How many NFL players have been in serious trouble with the law? Countless. Ray Lewis’ public image was tarnished after a Super Bowl party on January 31, 2000, when he was accused of murder, although the charges were reduced. How about the Redskins’ Sean Taylor and his woeful behavior?
The number of DUIs and cocaine use in the NFL is appalling, but do you think the credibility of the sport has diminished over the years to the point that the sports world no longer cares about football? Did Terrell Owens fighting with his own teammates hurt him or the game’s fortunes?
Baseball — Does Rafael Palmeiro’s apparently lying to a Congressional panel about steroid use take away from interest in baseball? While Barry Bonds’ BALCO relationship may be making many in Major League Baseball uneasy as he reaches Hank Aaron’s home run record, has fan support turned south?
Or how about Darryl Strawberry’s proclivity toward wife-beating and cocaine in the late 1980s and all through the next two decades? Seems to me that baseball keeps packing the fans into the ballparks, regardless of its flaws.

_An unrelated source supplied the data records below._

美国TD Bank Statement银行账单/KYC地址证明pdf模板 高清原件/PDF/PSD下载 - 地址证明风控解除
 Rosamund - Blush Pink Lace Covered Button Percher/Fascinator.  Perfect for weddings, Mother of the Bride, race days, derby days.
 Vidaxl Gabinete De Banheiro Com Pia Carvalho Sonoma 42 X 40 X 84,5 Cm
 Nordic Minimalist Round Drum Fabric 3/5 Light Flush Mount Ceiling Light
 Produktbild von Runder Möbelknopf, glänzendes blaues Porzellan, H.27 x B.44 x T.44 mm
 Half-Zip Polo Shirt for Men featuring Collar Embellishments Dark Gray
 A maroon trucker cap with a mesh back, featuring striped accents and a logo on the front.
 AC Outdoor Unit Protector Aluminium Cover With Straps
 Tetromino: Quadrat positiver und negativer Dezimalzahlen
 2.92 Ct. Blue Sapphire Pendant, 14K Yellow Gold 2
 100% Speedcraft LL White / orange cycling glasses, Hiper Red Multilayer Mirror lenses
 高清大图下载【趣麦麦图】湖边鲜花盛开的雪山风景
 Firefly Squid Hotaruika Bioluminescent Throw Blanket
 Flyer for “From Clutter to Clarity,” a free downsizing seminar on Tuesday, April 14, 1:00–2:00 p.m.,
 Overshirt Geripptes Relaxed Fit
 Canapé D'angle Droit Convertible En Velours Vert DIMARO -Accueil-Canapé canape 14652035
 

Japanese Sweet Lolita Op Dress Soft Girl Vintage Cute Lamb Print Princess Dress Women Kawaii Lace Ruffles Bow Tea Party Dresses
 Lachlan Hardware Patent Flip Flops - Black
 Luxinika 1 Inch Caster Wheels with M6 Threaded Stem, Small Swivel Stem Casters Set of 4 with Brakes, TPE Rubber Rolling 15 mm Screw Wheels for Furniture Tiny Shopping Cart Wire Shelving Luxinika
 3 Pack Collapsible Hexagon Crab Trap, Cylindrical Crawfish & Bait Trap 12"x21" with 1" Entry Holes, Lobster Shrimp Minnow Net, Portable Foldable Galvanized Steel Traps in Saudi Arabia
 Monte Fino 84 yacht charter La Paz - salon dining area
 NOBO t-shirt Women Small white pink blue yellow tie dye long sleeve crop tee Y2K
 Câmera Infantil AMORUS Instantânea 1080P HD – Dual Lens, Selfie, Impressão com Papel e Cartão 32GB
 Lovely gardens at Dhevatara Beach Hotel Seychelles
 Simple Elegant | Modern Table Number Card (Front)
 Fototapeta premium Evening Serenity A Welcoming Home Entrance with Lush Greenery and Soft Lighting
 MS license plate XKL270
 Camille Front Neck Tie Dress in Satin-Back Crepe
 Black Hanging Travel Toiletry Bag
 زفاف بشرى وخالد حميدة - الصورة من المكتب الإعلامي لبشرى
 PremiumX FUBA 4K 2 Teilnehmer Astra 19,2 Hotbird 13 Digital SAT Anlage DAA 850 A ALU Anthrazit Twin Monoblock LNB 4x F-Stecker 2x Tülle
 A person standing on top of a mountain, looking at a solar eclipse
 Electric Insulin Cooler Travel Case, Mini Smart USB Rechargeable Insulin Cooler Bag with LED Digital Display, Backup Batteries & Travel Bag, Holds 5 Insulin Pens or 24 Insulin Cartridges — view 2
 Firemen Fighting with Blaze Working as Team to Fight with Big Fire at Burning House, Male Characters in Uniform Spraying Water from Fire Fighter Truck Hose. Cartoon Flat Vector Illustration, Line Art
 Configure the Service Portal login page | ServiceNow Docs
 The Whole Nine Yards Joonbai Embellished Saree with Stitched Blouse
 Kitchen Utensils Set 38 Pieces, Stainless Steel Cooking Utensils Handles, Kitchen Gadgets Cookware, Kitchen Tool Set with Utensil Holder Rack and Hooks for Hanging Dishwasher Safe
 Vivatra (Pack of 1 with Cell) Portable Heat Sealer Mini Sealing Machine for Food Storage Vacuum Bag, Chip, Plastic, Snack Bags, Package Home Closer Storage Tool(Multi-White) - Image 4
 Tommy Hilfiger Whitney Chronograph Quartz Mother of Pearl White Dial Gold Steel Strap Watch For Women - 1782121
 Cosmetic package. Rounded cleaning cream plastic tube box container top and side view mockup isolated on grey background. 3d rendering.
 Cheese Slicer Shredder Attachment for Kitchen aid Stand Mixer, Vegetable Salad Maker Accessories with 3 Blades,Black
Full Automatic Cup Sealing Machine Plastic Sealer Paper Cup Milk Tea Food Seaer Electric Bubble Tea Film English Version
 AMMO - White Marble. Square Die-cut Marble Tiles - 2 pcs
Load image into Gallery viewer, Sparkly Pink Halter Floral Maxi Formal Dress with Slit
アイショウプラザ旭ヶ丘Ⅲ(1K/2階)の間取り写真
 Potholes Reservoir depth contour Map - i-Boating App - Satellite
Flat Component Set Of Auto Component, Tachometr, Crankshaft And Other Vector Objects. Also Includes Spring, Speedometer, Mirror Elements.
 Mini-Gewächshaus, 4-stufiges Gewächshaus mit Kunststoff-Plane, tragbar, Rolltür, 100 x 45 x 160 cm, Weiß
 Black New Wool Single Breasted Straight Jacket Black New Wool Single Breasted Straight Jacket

Basketball — Between Ron Artest, Kobe Bryant and Allen Iverson, the NBA has way too many players in court as opposed to on the court. Yet how is the sport’s credibility? The league still appears to be thriving.
What has hurt track and field since 1988 isn’t necessarily performance-enhancing drug problems. Since 1988, while professional sports — those that require a ball — have provided huge financial opportunities for young athletes around the world, track and field still remains largely an amateur sport with no organization of its athletes behind it.
But what I see that has really hurt track and field, and professional tennis, too, is the amazing rise in popularity of golf, at all levels — participants as well as fans. And for the life of me, I don’t understand the fascination.